**Exercise directions**
Beginning with the line that has "uegposse's tweet photo.", write out each line down to the end of the records below exactly, and include no pictures.

**Dataset content**
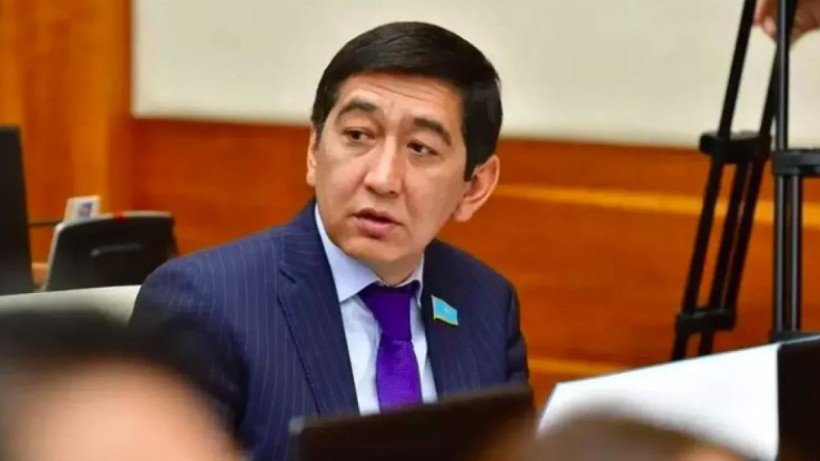  Ринат Зайытовтың жеке парақшасынан 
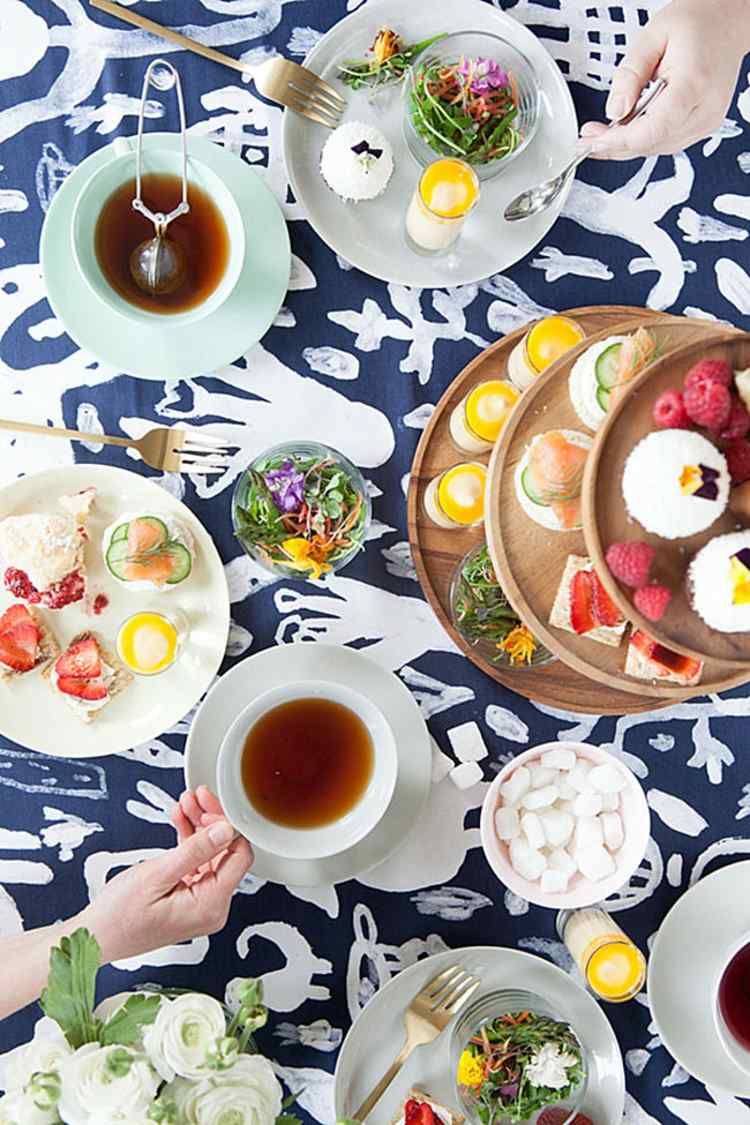 nápad na párty deco stojan na čajový koláč predjedlo obrus modrý brunch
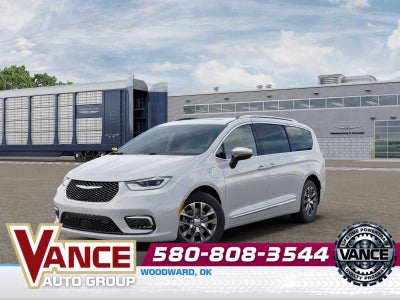 2025 Chrysler Pacifica Hybrid Pinnacle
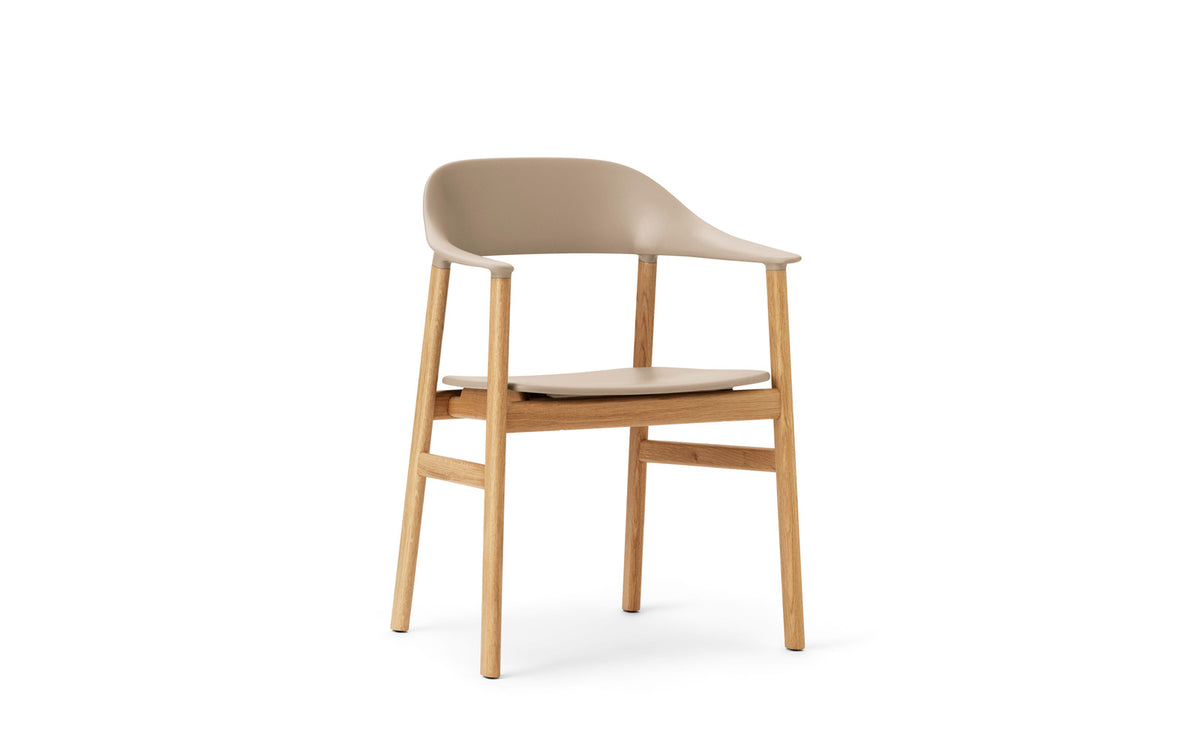 Herit Armlehnstuhl in  präsentiert im Onlineshop von KAQTU Design AG. Stuhl mit Armlehne ist von Normann Copenhagen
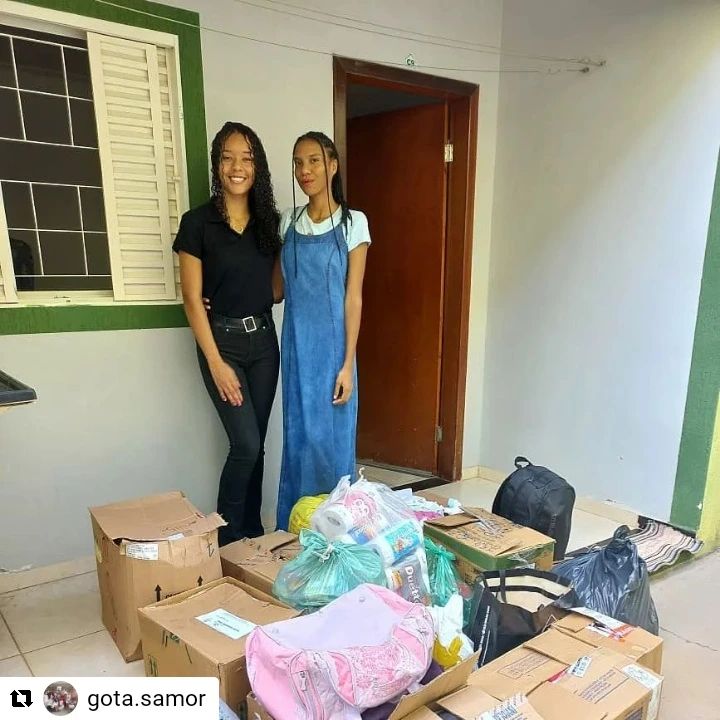 uegposse's tweet photo. Projeto Gotas de Amor realiza atividade na Casa da Criança do Pequeno Edson e entrega alimentos. #açãosocial #uegposse #extensãouniversitária https://t.co/33VEmf6rFe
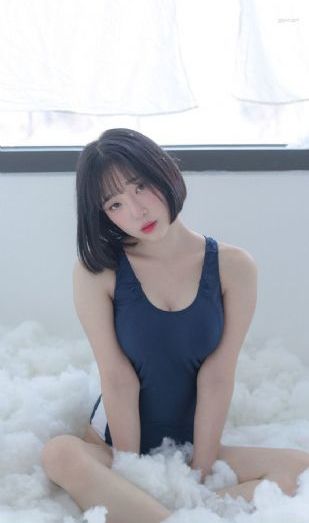 厨房掀起老师裙子挺进去视频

**Task response**
 uegposse's tweet photo. Projeto Gotas de Amor realiza atividade na Casa da Criança do Pequeno Edson e entrega alimentos. #açãosocial #uegposse #extensãouniversitária https://t.co/33VEmf6rFe
 厨房掀起老师裙子挺进去视频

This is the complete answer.